This bill mandates training and guidance for federal agencies that fail to meet their contract award goals for small businesses owned by service-disabled veterans.
John Kennedy
Senator
LA
The Service-Disabled Veteran Opportunities in Small Business Act aims to increase federal contract awards to small businesses owned and controlled by service-disabled veterans. It mandates that the Small Business Administrator provide specialized training to any agency failing to meet its established contract goals for these businesses. Furthermore, the Act requires the Administrator to issue best practices guidance and report annually to Congress on agency compliance and training efforts.
The “Service-Disabled Veteran Opportunities in Small Business Act” is a clear, no-nonsense effort to hold federal agencies accountable for hitting their veteran contracting goals. If an agency doesn’t award enough contracts to small businesses owned by service-disabled veterans—a goal already set in existing law—this bill mandates immediate intervention.
The core of this legislation is simple: underperformance triggers mandatory correction. If a federal agency misses its specific annual contracting goal for Service-Disabled Veteran-Owned Small Businesses (SDVOSBs), the Small Business Administrator (SBA), working with the Office of Veterans Business Development, must step in. They are required to provide specialized training to the relevant employees at that agency. Think of it as a mandatory continuing education course for federal procurement officers who aren't getting the job done. The goal is to teach them exactly how to increase the number of contracts they give to these veteran-owned firms (SEC. 2).
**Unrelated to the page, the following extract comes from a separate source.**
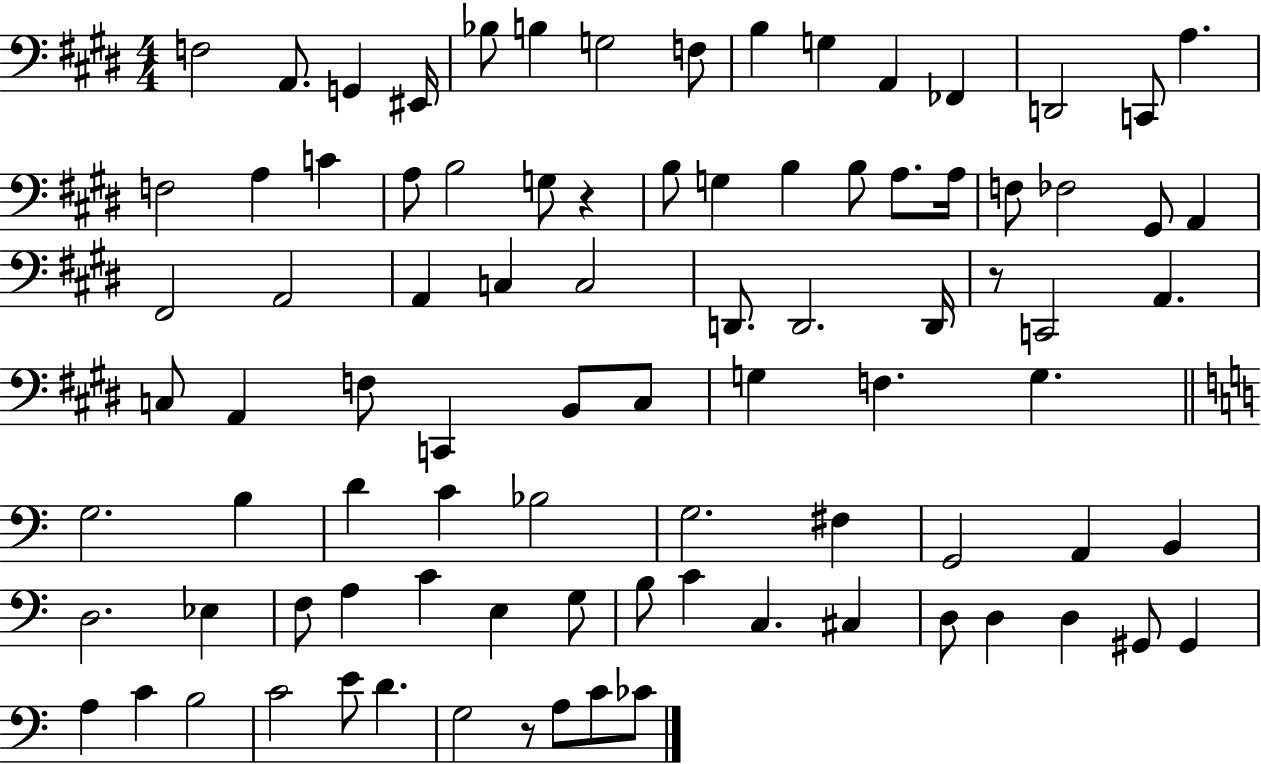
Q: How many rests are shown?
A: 3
Beyond the required training, the bill forces the SBA to get its act together quickly. Within 180 days of the law passing, the Administrator must develop and release official guidance and best practices for all federal agencies on how to better utilize SDVOSBs in their contracting process (SEC. 2). This means that every agency that is supposed to be meeting this goal will have a new playbook to follow.
For the average taxpayer and the veterans running these businesses, the most important part might be the transparency requirement. Starting one year after enactment, the SBA must send an annual report to Congress. This report will essentially be a public report card, listing every single federal agency that missed its SDVOSB contract goal that year, detailing how many training sessions were held, and summarizing the content of that training (SEC. 2). This puts the pressure on by publicly naming the agencies that are falling short.
For service-disabled veterans running small businesses—say, a veteran who started an IT consulting firm or a construction company—this bill is designed to open up the federal marketplace. It’s not just setting a goal; it’s building a mechanism to force compliance, which should translate into more bids and more contract awards for them. If the law works as intended, it means more reliable revenue streams and growth opportunities for businesses owned by those who served.
On the flip side, the procurement employees and leadership at federal agencies that consistently miss their goals are the ones bearing the cost of this new accountability. They will face mandatory training, increased oversight, and the public scrutiny that comes with being listed in the annual congressional report. It shifts the focus from merely having a goal on paper to actively ensuring the goal is met, putting the onus squarely on the agencies to improve their performance.